(1865 – 1945)
Born in Hart, Michigan, Edith Munger’s love of nature brought her to the forefront of the bird conservation movement in Michigan. Munger became the first female president of the Michigan Audubon Society in 1911. Under her leadership, the Society persuaded the legislature to repeal a law that was intended to protect chickens and provided a bounty for killing all hawks and owls. Affectionately called the “Bird Woman,” Munger spoke to audiences across the state, authored a monthly conservation column, and worked to develop educational materials about birds for schools. Munger also employed the then-new medium of radio to spread her message about the need to protect all forms of winged wildlife.
In honor the 25th anniversary of the Michigan Audubon Society in 1929, Munger spearheaded a competition to name the state bird. Over 190,000 votes poured in and lead to the robin becoming the state bird. “Thus thousands of men and women as well as school boys and girls were studying about birds, who had never before given their feathered neighbors a second thought,” Munger said of the successful competition.

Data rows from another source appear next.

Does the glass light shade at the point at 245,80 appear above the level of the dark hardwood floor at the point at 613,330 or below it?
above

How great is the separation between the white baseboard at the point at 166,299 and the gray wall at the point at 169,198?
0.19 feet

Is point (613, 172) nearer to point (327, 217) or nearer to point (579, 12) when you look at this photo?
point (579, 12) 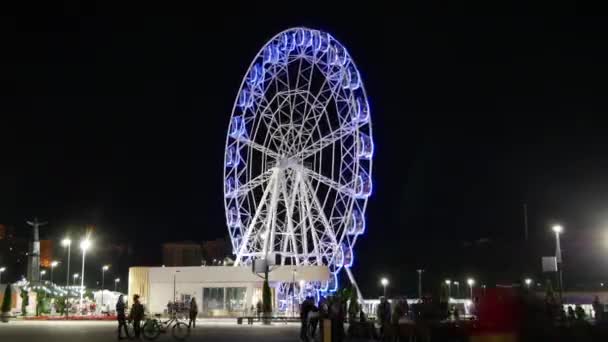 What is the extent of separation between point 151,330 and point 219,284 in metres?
29.8

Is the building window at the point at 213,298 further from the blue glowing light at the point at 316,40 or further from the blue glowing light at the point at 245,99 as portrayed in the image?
the blue glowing light at the point at 316,40

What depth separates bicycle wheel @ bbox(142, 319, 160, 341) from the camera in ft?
84.6

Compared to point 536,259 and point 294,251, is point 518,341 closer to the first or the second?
point 294,251

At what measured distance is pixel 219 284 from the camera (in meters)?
55.5

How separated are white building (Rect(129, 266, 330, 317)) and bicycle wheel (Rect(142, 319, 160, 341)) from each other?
2793 centimetres

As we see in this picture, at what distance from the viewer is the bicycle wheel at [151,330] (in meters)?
25.8

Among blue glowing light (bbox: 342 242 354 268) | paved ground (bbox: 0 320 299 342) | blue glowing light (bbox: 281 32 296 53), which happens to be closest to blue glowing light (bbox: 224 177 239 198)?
blue glowing light (bbox: 342 242 354 268)

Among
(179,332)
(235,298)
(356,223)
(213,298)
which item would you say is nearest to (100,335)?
(179,332)

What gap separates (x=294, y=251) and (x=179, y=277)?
10929mm

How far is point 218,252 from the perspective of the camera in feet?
487

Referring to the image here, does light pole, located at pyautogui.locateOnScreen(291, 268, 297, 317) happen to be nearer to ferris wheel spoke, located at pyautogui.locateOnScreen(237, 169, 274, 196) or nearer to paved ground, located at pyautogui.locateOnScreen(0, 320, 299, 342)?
ferris wheel spoke, located at pyautogui.locateOnScreen(237, 169, 274, 196)

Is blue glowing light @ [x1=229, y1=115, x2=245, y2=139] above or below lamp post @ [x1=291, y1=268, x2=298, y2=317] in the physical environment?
above

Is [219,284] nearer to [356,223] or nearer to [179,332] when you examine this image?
[356,223]

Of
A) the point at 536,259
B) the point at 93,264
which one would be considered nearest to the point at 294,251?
the point at 536,259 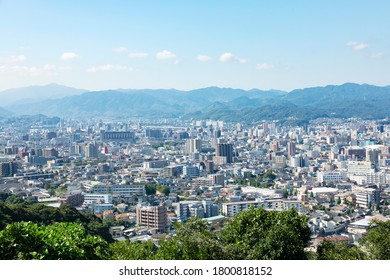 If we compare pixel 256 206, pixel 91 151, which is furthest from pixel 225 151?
pixel 256 206

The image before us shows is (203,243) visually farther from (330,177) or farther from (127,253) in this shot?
(330,177)

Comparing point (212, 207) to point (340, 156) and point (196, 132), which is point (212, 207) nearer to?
point (340, 156)

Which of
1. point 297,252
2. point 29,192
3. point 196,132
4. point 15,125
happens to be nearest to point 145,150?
point 196,132

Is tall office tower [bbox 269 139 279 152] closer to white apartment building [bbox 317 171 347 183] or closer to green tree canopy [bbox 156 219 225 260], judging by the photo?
white apartment building [bbox 317 171 347 183]

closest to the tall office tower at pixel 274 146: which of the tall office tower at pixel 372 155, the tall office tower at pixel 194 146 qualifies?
the tall office tower at pixel 194 146

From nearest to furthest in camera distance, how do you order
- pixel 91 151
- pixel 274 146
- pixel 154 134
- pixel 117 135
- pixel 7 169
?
pixel 7 169 < pixel 91 151 < pixel 274 146 < pixel 117 135 < pixel 154 134

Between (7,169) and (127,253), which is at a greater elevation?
(127,253)

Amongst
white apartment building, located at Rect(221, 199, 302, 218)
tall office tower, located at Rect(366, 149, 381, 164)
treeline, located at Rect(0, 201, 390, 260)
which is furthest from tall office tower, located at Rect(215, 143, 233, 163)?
treeline, located at Rect(0, 201, 390, 260) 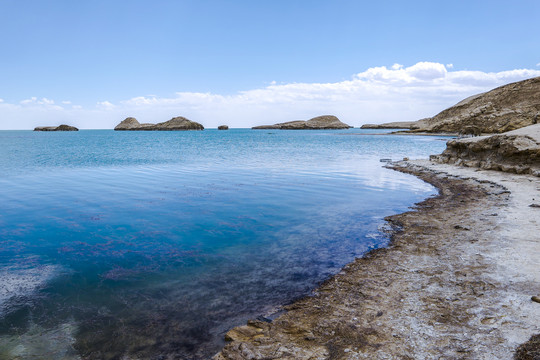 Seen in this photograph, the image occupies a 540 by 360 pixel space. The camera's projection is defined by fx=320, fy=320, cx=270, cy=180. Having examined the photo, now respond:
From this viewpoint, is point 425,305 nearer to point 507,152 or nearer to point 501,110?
point 507,152

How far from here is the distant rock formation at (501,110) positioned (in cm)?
6125

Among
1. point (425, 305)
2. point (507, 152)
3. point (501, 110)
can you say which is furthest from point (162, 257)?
point (501, 110)

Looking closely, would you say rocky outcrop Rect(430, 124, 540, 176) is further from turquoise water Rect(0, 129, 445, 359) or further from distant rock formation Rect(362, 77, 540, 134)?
distant rock formation Rect(362, 77, 540, 134)

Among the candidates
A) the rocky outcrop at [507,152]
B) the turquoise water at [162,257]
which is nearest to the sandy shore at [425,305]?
the turquoise water at [162,257]

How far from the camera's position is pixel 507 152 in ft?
72.7

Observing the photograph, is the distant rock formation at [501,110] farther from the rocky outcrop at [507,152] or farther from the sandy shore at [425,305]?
the sandy shore at [425,305]

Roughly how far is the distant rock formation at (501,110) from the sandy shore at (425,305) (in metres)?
60.8

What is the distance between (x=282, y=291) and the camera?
24.0 feet

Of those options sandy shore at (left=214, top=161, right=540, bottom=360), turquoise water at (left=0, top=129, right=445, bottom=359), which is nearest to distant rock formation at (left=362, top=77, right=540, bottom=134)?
turquoise water at (left=0, top=129, right=445, bottom=359)

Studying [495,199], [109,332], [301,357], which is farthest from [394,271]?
[495,199]

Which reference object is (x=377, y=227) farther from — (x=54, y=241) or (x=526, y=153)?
(x=526, y=153)

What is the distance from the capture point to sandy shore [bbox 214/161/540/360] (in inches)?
189

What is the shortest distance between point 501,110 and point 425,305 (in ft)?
332

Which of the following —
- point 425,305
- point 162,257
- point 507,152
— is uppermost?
point 507,152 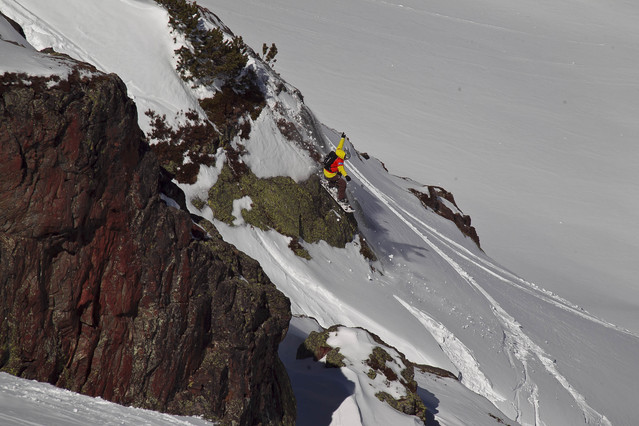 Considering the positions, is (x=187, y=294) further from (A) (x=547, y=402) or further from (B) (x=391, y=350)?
(A) (x=547, y=402)

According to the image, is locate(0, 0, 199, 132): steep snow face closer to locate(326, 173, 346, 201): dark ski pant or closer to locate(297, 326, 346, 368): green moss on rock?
locate(326, 173, 346, 201): dark ski pant

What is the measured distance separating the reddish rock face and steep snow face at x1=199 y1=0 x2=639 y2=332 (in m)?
29.0

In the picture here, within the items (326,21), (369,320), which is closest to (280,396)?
(369,320)

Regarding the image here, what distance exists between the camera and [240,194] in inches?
739

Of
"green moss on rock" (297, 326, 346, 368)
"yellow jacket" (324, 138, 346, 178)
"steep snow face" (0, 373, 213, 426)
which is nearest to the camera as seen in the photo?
"steep snow face" (0, 373, 213, 426)

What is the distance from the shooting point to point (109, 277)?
8594mm

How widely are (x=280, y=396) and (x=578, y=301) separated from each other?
27.6 metres

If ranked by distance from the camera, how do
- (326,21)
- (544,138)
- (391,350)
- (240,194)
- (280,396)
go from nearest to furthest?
(280,396)
(391,350)
(240,194)
(544,138)
(326,21)

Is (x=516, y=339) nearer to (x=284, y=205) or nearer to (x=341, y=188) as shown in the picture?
(x=341, y=188)

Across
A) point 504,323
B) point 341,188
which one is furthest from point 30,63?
point 504,323

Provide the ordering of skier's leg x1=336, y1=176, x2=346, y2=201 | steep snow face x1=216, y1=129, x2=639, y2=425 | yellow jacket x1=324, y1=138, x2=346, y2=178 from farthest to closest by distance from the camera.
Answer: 1. skier's leg x1=336, y1=176, x2=346, y2=201
2. yellow jacket x1=324, y1=138, x2=346, y2=178
3. steep snow face x1=216, y1=129, x2=639, y2=425

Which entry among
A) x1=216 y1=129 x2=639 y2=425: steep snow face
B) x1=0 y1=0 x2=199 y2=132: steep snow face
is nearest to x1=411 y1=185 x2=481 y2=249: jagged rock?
x1=216 y1=129 x2=639 y2=425: steep snow face

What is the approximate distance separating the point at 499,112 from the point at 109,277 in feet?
191

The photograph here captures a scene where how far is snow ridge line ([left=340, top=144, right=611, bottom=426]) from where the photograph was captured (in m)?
22.8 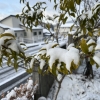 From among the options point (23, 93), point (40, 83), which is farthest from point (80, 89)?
point (23, 93)

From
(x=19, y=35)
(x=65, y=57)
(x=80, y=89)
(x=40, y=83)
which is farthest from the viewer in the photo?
(x=19, y=35)

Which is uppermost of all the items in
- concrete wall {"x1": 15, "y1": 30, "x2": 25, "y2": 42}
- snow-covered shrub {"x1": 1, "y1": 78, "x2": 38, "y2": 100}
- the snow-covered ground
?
concrete wall {"x1": 15, "y1": 30, "x2": 25, "y2": 42}

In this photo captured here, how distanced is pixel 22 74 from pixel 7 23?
15627mm

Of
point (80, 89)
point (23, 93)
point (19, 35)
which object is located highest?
point (19, 35)

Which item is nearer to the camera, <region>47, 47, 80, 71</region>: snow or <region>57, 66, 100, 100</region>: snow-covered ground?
<region>47, 47, 80, 71</region>: snow

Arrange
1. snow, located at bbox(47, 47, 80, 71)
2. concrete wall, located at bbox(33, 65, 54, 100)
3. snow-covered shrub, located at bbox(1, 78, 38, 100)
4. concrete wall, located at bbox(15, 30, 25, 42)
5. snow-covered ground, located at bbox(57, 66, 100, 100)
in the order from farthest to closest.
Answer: concrete wall, located at bbox(15, 30, 25, 42)
snow-covered ground, located at bbox(57, 66, 100, 100)
concrete wall, located at bbox(33, 65, 54, 100)
snow-covered shrub, located at bbox(1, 78, 38, 100)
snow, located at bbox(47, 47, 80, 71)

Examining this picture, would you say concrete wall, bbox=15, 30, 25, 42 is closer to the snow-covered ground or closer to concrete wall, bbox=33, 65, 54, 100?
the snow-covered ground

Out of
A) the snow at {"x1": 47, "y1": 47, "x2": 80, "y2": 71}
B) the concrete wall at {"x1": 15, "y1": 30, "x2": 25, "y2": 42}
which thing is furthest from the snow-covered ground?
the concrete wall at {"x1": 15, "y1": 30, "x2": 25, "y2": 42}

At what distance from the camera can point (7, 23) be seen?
18469 mm

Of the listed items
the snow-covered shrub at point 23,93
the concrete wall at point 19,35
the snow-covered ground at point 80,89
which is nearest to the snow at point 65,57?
the snow-covered shrub at point 23,93

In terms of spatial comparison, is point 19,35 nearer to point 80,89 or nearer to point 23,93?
point 80,89

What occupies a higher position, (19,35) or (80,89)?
(19,35)

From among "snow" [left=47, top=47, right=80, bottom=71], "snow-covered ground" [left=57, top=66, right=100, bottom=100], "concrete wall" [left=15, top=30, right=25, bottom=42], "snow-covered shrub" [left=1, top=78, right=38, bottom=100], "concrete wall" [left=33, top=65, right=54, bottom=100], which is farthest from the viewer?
"concrete wall" [left=15, top=30, right=25, bottom=42]

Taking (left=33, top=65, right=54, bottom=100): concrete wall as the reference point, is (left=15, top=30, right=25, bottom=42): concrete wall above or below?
above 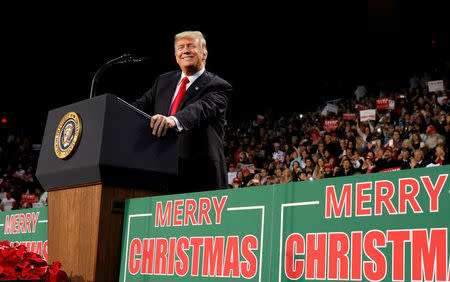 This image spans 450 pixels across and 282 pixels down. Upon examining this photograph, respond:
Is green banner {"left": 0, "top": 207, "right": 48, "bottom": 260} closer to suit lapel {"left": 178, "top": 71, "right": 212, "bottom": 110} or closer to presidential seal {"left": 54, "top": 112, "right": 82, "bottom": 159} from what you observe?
presidential seal {"left": 54, "top": 112, "right": 82, "bottom": 159}

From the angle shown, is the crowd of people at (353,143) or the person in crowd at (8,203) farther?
the person in crowd at (8,203)

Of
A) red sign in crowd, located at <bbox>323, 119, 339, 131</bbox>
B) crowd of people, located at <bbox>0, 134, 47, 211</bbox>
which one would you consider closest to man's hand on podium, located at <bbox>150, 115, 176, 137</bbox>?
red sign in crowd, located at <bbox>323, 119, 339, 131</bbox>

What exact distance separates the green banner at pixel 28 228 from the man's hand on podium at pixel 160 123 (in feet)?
2.48

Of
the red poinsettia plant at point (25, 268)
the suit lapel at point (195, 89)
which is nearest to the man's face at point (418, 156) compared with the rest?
the suit lapel at point (195, 89)

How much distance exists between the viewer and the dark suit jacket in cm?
219

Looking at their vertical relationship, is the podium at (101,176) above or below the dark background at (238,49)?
below

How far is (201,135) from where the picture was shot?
225 cm

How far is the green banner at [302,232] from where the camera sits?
1.24 meters

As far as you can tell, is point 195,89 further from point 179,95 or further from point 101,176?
point 101,176

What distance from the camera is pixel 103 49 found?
37.8ft

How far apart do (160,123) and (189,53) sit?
44 centimetres

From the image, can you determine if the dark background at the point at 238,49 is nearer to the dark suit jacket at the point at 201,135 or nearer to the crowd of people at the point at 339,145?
the crowd of people at the point at 339,145

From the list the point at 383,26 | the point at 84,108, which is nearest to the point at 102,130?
the point at 84,108

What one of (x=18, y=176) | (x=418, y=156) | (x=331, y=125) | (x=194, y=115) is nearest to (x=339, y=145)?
(x=331, y=125) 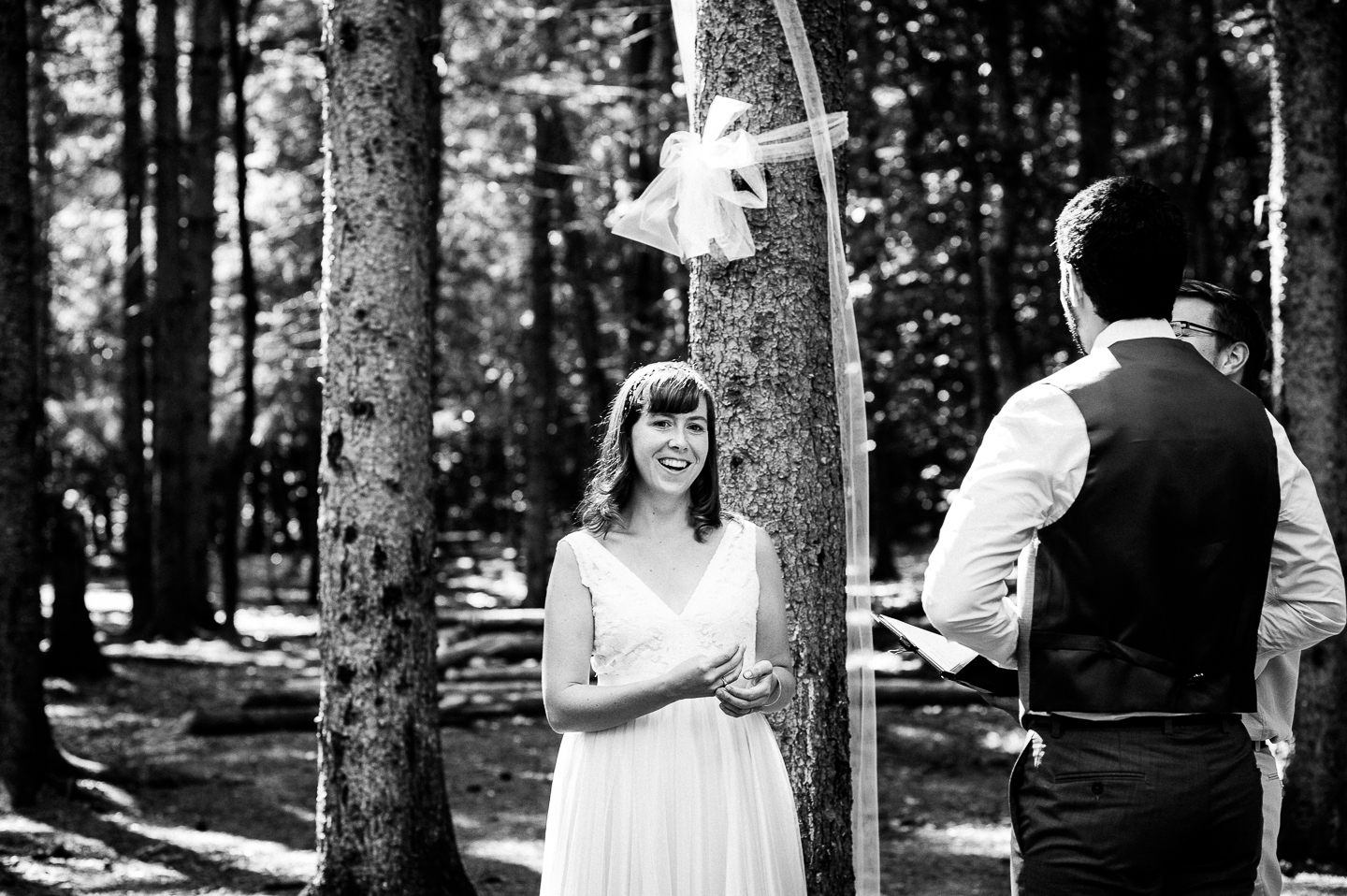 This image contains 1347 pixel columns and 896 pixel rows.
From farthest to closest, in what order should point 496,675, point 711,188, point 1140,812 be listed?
1. point 496,675
2. point 711,188
3. point 1140,812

As the first president of the Michigan Conservation Council and as the conservation chair of the Michigan Federation of Women’s Clubs, Munger lobbied women’s groups to abandon the common practice of decorating hats with the feathers of colorful, but rare birds. She also successfully lobbied for the expansion of Silver Lake State Park to include 1,500 acres of spectacular dunes on the Lake Michigan shore south of Pentwater. In 1926, Munger was the only woman invited as an expert to discuss conservation issues with newly elected Governor Fred Green.